2. The story is now three years after McEachern adopted Joe, and he is very angry with Joe because he has not memorized his catechism. He whips Joe many times before he eventually passes out. Joe wakes up with Mr. McEachern at his bedside who forces him to kneel, and pray for forgiveness before he leaves for a church service. During this service Mrs. McEachern brings Christmas a plate of food, but he threw it on the ground. Only several hours later does he decide to eat it off of the ground. A few years later, Joe and a few other boys convince a woman to go to the shed to have sex with them, but instead of having sex with her, Joe beats her. Joe then realizes that he is going to be punished for not getting his daily chores done. A couple of years after that, Joe sells his calf and buys a suit with the money. Mr. McEachern finds the suit hidden, and Joe lies about what happened to his calf. Mr. McEachern punches Joe in the face and Mrs. McEachern in an attempt to help Joe says that she bought him the suit with her butter money. Mr. McEachern knows she is lying and forces her to ask for forgiveness. Joe then sneaks out of his house and waits for a woman to come pick him up, he then remembers the first time he met her when Mr. McEachern brought him to town. He takes Joe to a shady restaurant in an alley, and then after eating he tells him that he is never to go there again. However, on the next trip he goes there and orders food. He discovers he does not have enough money to pay for his food and the waitress pays for him. He learns that the woman's name is Bobbie and they continue to see each other until he learns that she is a prostitute. Meanwhile, he has been stealing money from Mrs. McEachern and she has figured it out.

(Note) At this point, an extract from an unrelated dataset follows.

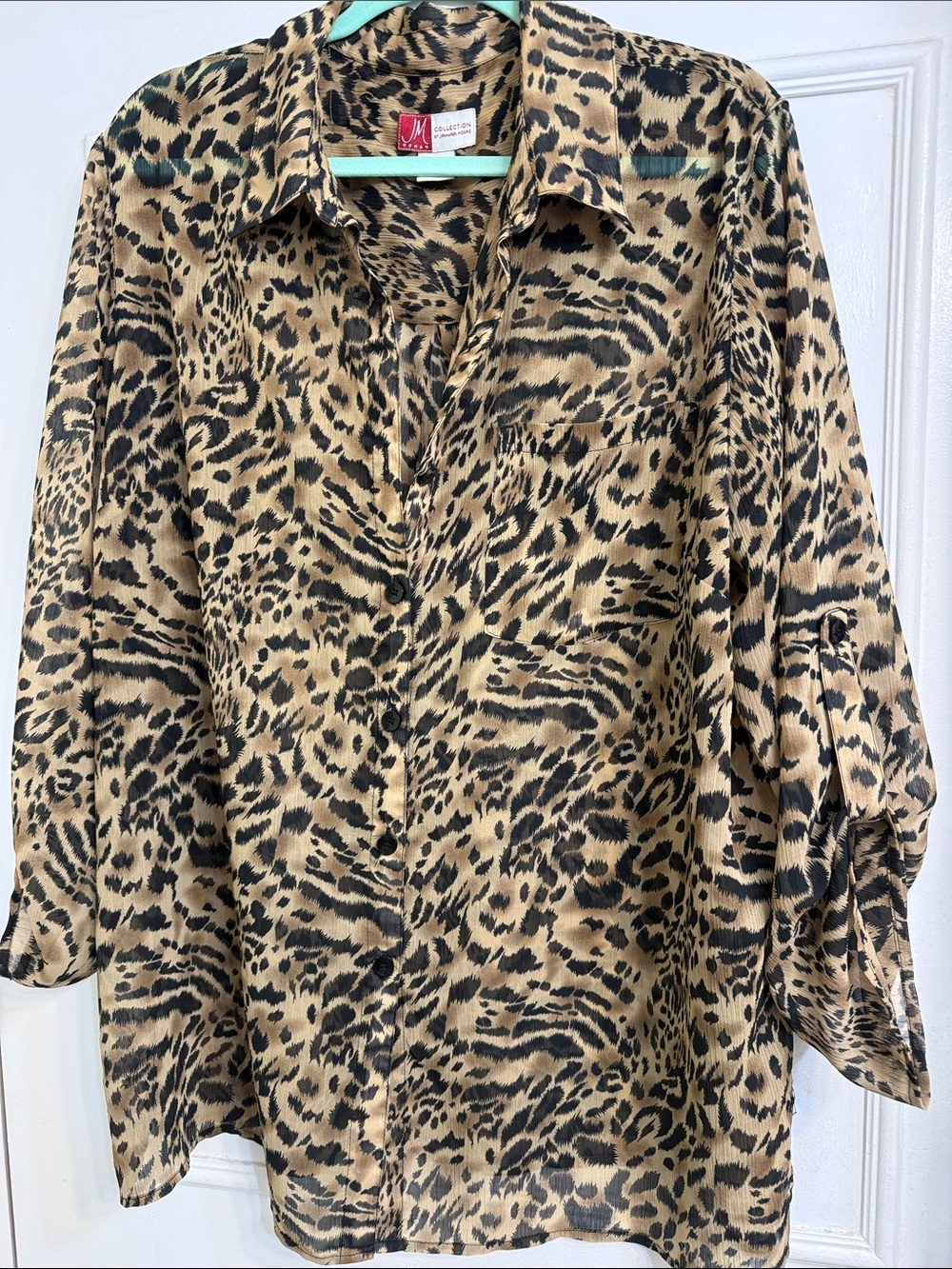 JM Collection Leopard Print Button-Front Blouse in Tan and Black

3. Faulkner is providing memories from Joe Christmas' past to explain why he does some of the things that he does. Joe's memory haunts him because it is full of shame, abuse and anger. He was not used to any act of kindness being done for him, which is why when Mrs. McEachern brings him food, he tosses it to the ground. He loathed Mrs. McEachern, even though she was only trying to help. On page 168 it says, " It was the woman who, with a woman's affinity and instinct for secrecy, for casting a faint taint of evil about the most trivial and innocent actions... It was the woman: that soft kindness which he believed himself doomed to be forever victim of and which he hated worse than he did the hard and ruthless justice of men." Joe Christmas cannot break free from his memories and ideas that everybody, especially women, were out to hurt him. This leads to his anger which cannot be tamed, that could possibly get him into trouble in the future.

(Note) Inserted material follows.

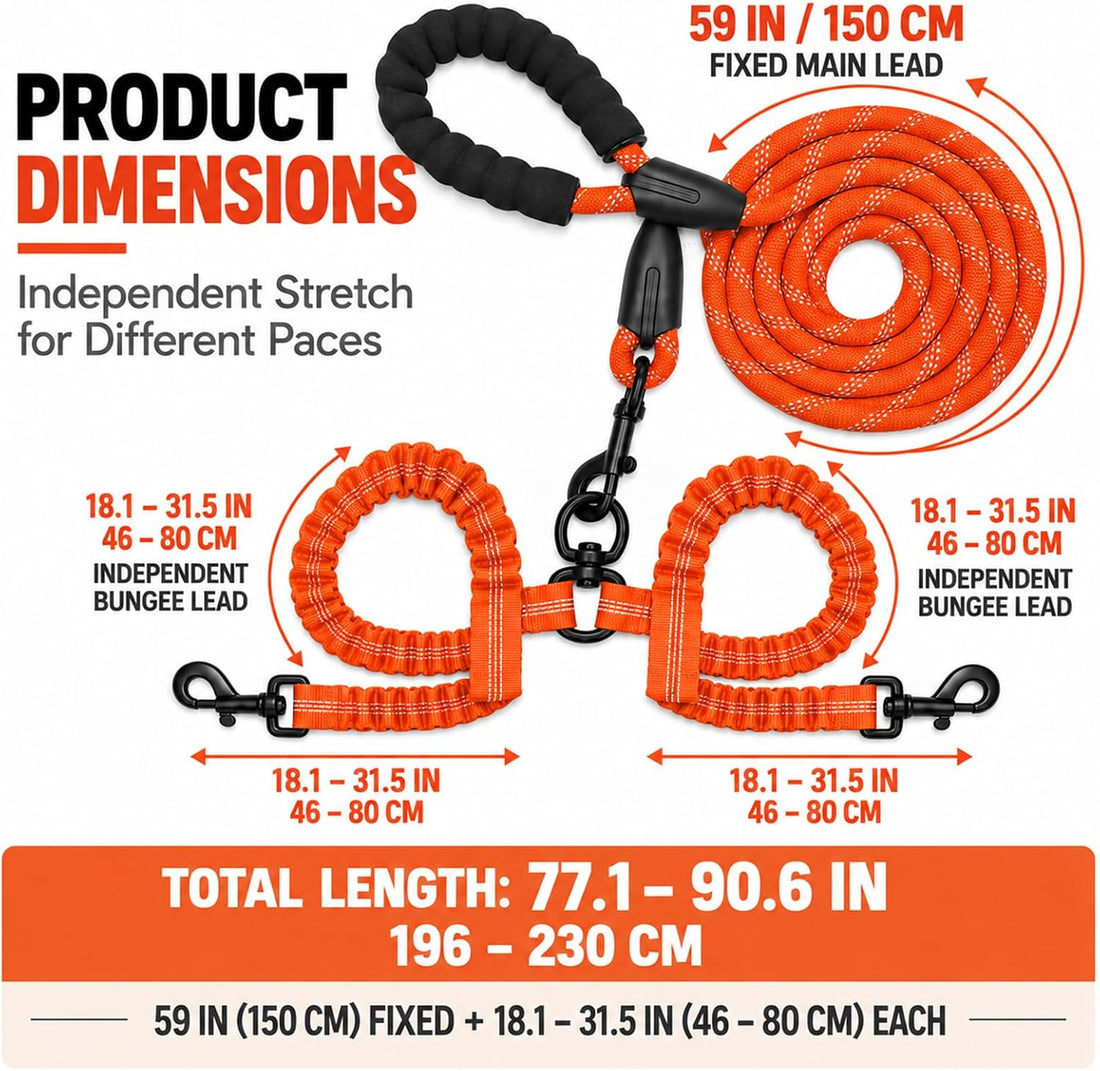 No Tangle Double Dog Leash: 95% Fewer Stops to Untangle for Walking 2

4. a) If Mr. McEachern is such a religious man, then why does he resort to violence whenever Joe commits an even minor wrongdoing?

b) If the money from the calf was Joe's then why did Mr. McEachern punch him for spending it how he pleased?

c) Joe believes that Mrs. McEachern is doing every act of kindness out of pure evil, and that it is with the intent to make him cry. Does Faulkner believe that women are not as innocent as we think, and they have other motives for doing what they do?